Although a large number of immunomodulatory peptides have been identified till date out of which many are being used for therapeutic purpose, the list can be increased further by screening biological and synthetic peptide libraries available these days. Beside identification of novel immunomodulatory peptides there is also need to screen drugs and other compounds for unintended imunosuppression; hypersensitivity or autoimmune reactions (immunotoxicity) caused by them. Most of the existing methodologies for testing immunomodulatory activity of compounds is animal based but there is need to develop alternative in vitro methods in order to reduce, refine and replace use of laboratory animal, beside this testing on animal model is costly and time consuming so testing of large number of compounds will be very difficult so in order to screen peptide libraries and compounds for their immunomodulatory activity there is a need to develop high throughput in vitro screening platform.
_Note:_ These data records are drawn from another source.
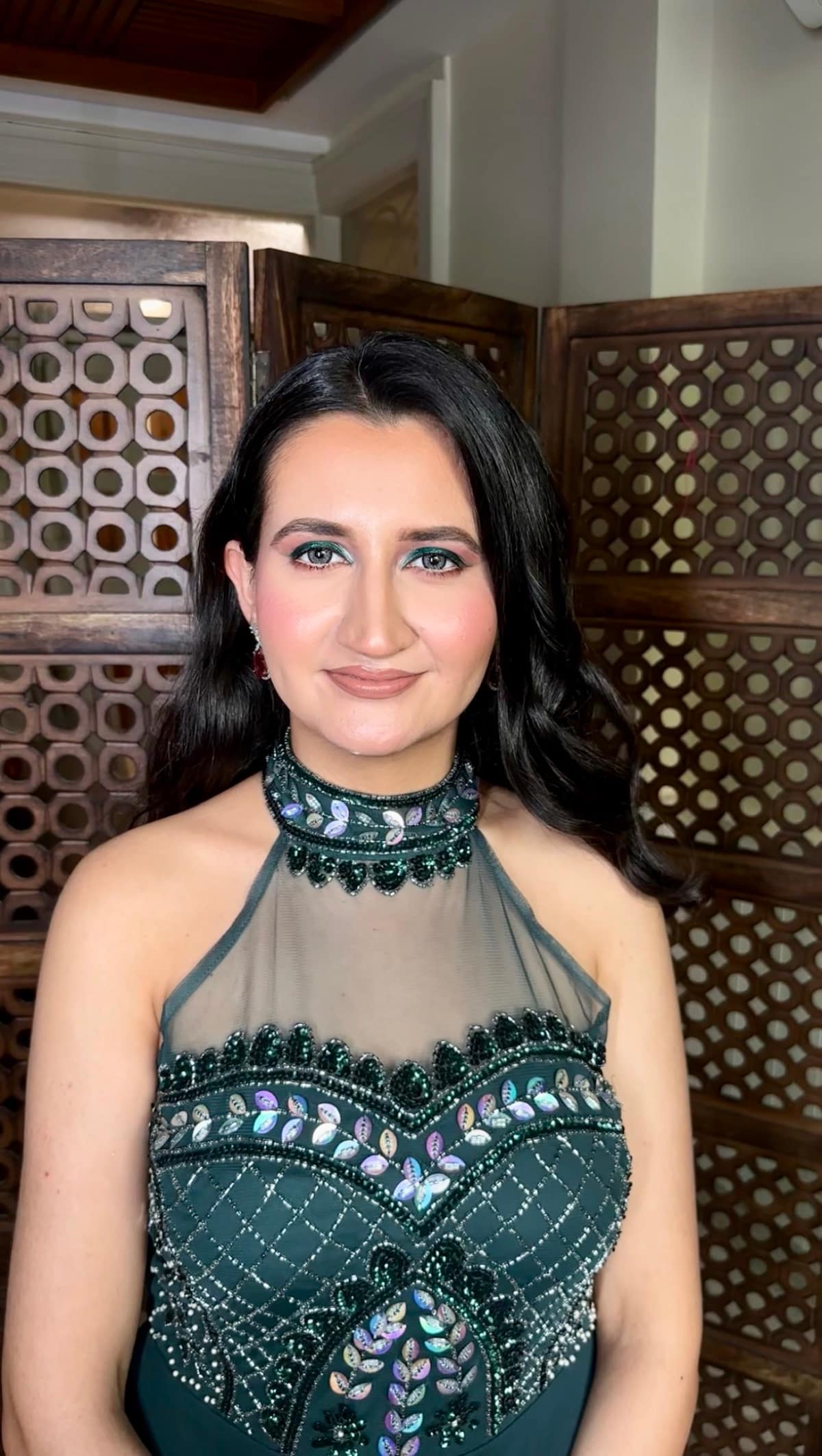 Emerald Sequin Halter Gown HD Party Makeup — bridal makeup by Makeovers by Bhuvita, Chandigarh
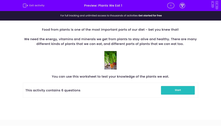 'Find Out About Plants We Eat' worksheet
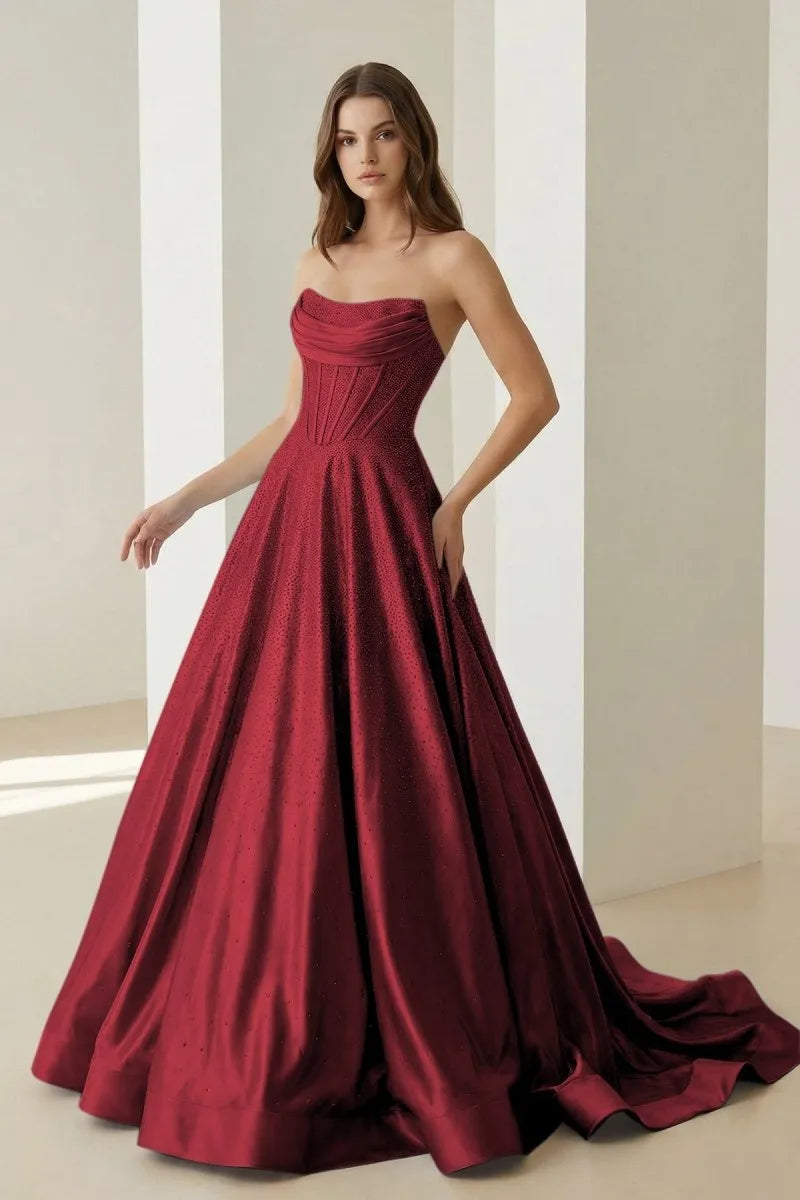 Luxurious Ballgown Strapless Sleeveless Lace-Up-Back Floor-Length Prom Gown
Keeping all these points in mind in present work an endeavor was taken to identify the cellular and molecular target of an immunostimulatory hexapeptide derived from human beta casein (fragment 54-59) and some of its analogues. Different immunomodulatory activities of these peptides were studied. Proteomics profiling was done in order to identify the molecular target of these peptides. Lastly a cytokine based reporter system was developed for fast high throughput in vitro screening of peptides and other compounds for their immunomodulatory activity. In broad respect the present work was undertaken with following objectives:
(a) To study the effect of peptides on immune cells.
(b) To study the mode of action of these peptides at the molecular level following proteomics
approach.
(c) To develop an in vitro model for identifying the type of cellular immune response in
context to peptides and other compounds.